Both tools generate false positives. High-entropy strings that look like secrets but are UUIDs, test fixtures, or encoded data. Part of triage is filtering these out. I keep a .gitleaks-allowlist.toml in my scanning toolkit with patterns for known false positive formats, and I use trufflehog's --only-verified flag aggressively for initial triage.
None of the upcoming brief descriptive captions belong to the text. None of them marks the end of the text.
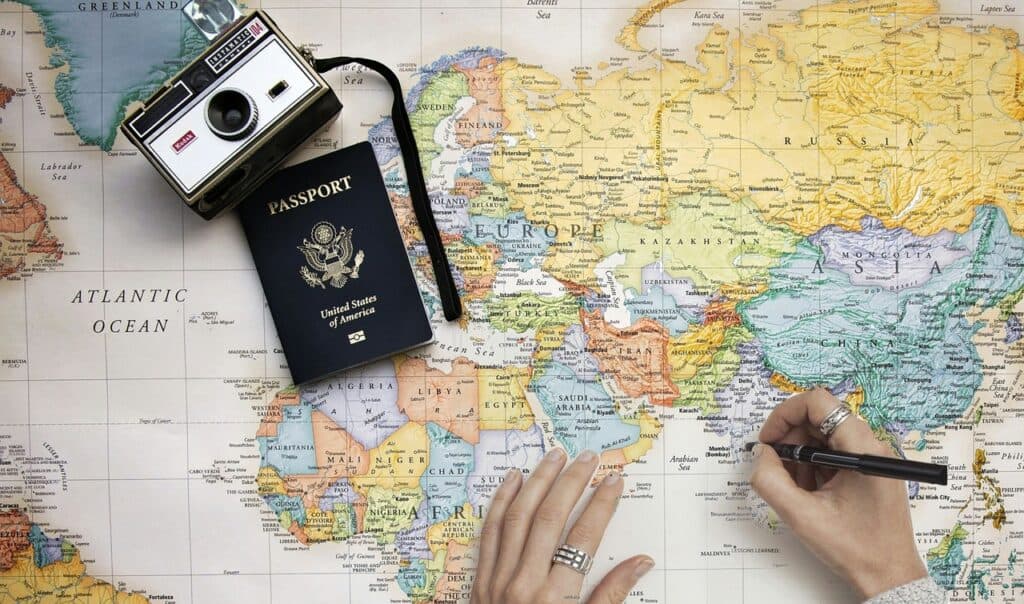 A camera and passport lay on a large map and hands are holding a pen while hovering over a country.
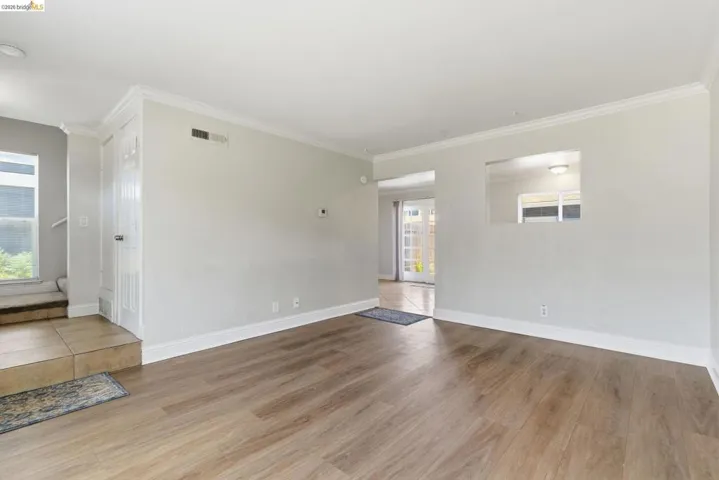 Spacious interior featuring wood-finish flooring, light grey painted walls, white crown molding, and white baseboards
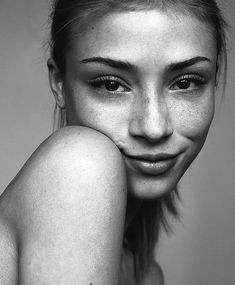 a black and white photo of a woman's face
Don't let the false positive rate discourage you. Even a noisy scan that's 50% false positives is finding real secrets the other 50% of the time.


The Takeaway

The tools exist, they're free, and they're good. The workflow I've described — trufflehog for history + verified detection, gitleaks for custom patterns, CSV conversion for reporting, Neovim for triage — is reproducible and works for everything from a single repo audit to scanning an entire GitHub org.

Clone this workflow, adapt the Neovim config to your setup, and run it against your own repos today. You might be surprised what you find. And if you are surprised — that's the point. Better you find it than someone else does.